THE Ombudsman and NSW Family and Community Services are among agencies forced to find money within their budgets for work to help the royal commission because the state government has not provided any extra resources.
They have been told to find their own funds until at least next year, a measure Labor said contradicted the point of the commission.
Documents tabled to NSW Parliament show the Department of Family and Community Services, already under pressure to find millions in savings and meet the government’s labour expense cap while providing vital child protection and other services, has reallocated $5million a year to work related to the national Royal Commission into Institutional Responses to Child Sexual Abuse.
The provision is listed under the heading ‘‘Internal budget pressures’’, on a paper that went before the department’s executive committee in late July and discussed difficulties finding savings to meet government targets.
But the state government has told departments and agencies to manage within their budgets the demands from at least the first six months of the royal commission.
An inter-agency committee, headed by the Department of Premier and Cabinet, has been established to oversee the NSW response and associated resource requirements, a government spokesman said.
It was monitoring resource needs and would provide advice to the government early next year on how resourcing should be managed for the rest of the commission’s term, the spokesman said.

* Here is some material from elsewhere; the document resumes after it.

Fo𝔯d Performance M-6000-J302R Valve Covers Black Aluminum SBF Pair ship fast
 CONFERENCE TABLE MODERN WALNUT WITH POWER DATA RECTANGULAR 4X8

The royal commission, announced late last year, is expected to run for several years.
A spokesman for the NSW Ombudsman said the commission had already created a ‘‘substantial amount of work for the staff in our employment related child protection and community services areas, as well as other staff from across the office’’.
It is the only Ombudsman office in the country with an oversight role for employment-related child protection measures, and is also required to review the deaths of certain children on top of broader community and disability services responsibilities.
‘‘This will mean that much of our work will be of relevance and interest to the royal commission,’’ the spokesman said.
‘‘We are a comparatively small office, and as such responding to the commission will involve some resourcing challenges.’’
A spokesman for Family and Community Services minister Pru Goward, criticised for the number of vacant child protection caseworker positions within her department, confirmed $5million had been set aside per year ‘‘over the coming years’’.
The funds had been ‘‘reprioritised’’, although not diverted from frontline services, he said.
But Labor leader John Robertson said making the department help cover state costs undermined the point of the commission.
It was forcing the department responsible for child protection to make budget cuts to cover the costs.